First of all, the syntax for (float i = 0; i > 10, i++;) is completely wrong. It compiles, but that's just a coincidence. The different command in the for loop control structure should be separated by semicolons (;), not commas (,). The correct code would then be for (float i = 0; i > 10; i++). By the way, you made a typo, I think you meant for (float i = 0; i < 10; i++) (otherwise the for loop never runs since i is initialized to 0 and 0 > 10 is false from the beginning).
Second of all, you're initializing the variable i twice: once with float i; and once in the for loop. That shouldn't compile, although with some compilers it does. There are two options on how to do. The first option is to declare the variable outside of the for loop and just assign it without initializing it in the for loop:
float i;
for(i = 0; i < 10; i++){
//some stuff
}
The second option is to simply declare it in the for loop as you did in the first loop:
for(float i = 0; i < 10; i++){
//some stuff
}
Another mistake that you made is to declare i as a float and then try to access dotName[i]. Whatever you put inside the brackets has to be of type int or something similar (unsigned int, long, etc). Putting a float variable inside those brackets won't compile just like that. If you want to index an array with a float, you need to tell the compiler that you want to convert it to an int like this: dotName[(int)i] or dotName[int(i)]. This is called a cast. However, in your case, I would recommend just declaring i as an int.
Also, float(dotX < 10); is completely wrong, I don't really understand what you're trying to do there. I think you meant to do float(dotX[i] < 10);, but that still doesn't make any sense.
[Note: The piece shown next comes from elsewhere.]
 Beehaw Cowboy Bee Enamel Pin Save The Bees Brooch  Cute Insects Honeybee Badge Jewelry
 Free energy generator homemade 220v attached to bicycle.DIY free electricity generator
What you would be doing there would be converting a bool to a float and then doing nothing with the result. That compiles and isn't wrong, but is completely useless. As I said, I don't understand what you want to do there.
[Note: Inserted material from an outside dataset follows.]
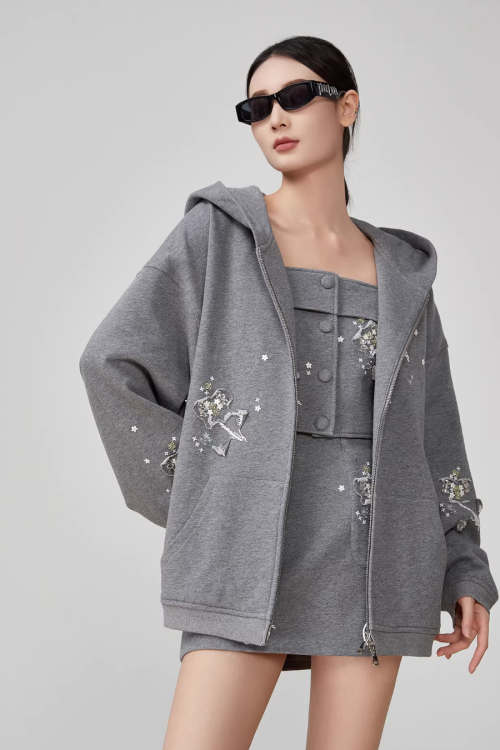 Flower Handmade Zip-Up Hoodie / Camisole / Mini Skirt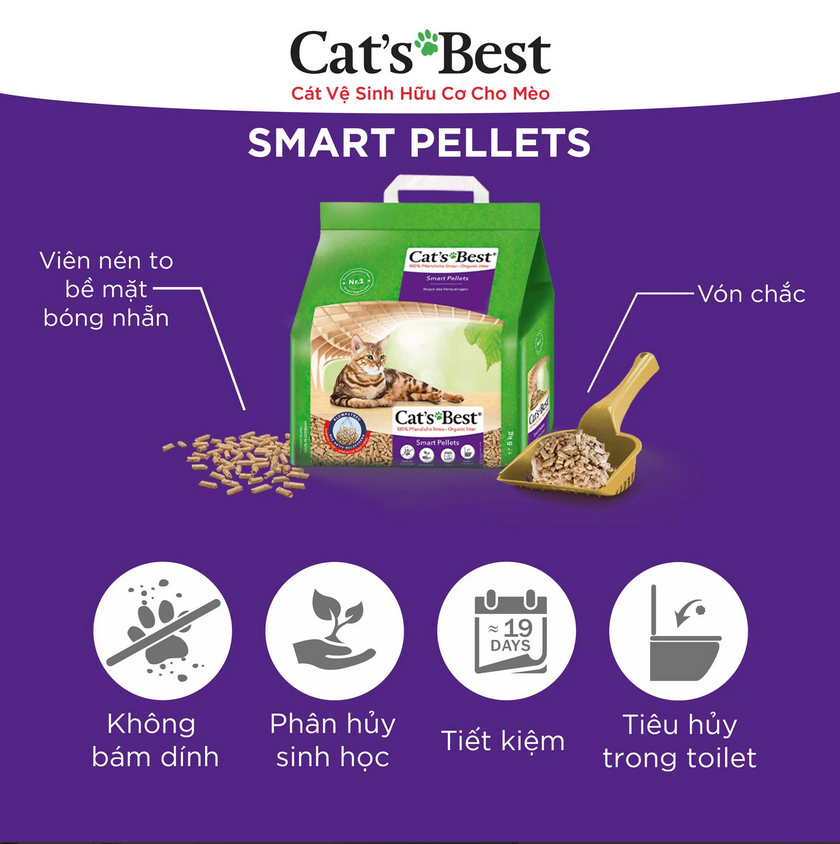 Cát Vệ Sinh Hữu Cơ Vón Cục Cho Mèo Lông Dài Smart Pellets Cat's Best CBSP05L (2.5kg)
Also, broi = broi++; is correct but useless. broi++; is enough. The ++ operator increments broi by one by itself and then returns the result. What the ++ operator does internally is basically this:
int operator++(int &x){
x = x + 1;
return x;
}
So it already increments the variable automatically without you having to do anything. What you did is the same as doing this:
broi = broi + 1;
broi = broi;
Here, the first line represents the ++ operator and the second line represents the = operator. It's clear that the second line is useless, so you can just remove it. In the same way, in your code, you can remove broi =, leaving simply broi++;.
You also did a few things that aren't recommended, but work just fine since the C++ standard supports them.
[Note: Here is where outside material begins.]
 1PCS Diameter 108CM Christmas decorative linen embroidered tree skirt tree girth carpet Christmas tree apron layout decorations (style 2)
First of all, using namespace std; is bad practice. It's recommended to omit it and add std:: in front of cin, cout and endl. If you want to know why using namespace std; is bad practice, it's well explained here. However, I must admit that I personally still use using namespace std; since I think it's simpler.
Second of all, the main function is supposed to return 0, so it's recommended to add return 0; at the end of the main function. The return value of the main function tells what made the program close. The value 0 means that the program closed when it was supposed to. Any other values mean that the program crashed. A complete list of what each return value means is available here. Note that C++ supports omitting return 0; and most compilers add it automatically if it is omitted, but it's still recommended to have it. Also, C doesn't support omitting return 0; and in C it will return whatever happens to be in the memory, making it looked like the program crashed when it ended normally.
Also, #include <stdio.h> is C and although it works in C++, it's not recommended. In C++, it's better to use #include <cstdio>. All standard libraries that end with .h in C can be used in C++ by removing .h and adding a c at the beginning. That's also the case with cmath: in C, it would be #include <math.h> and in C++, it's #include <cmath>.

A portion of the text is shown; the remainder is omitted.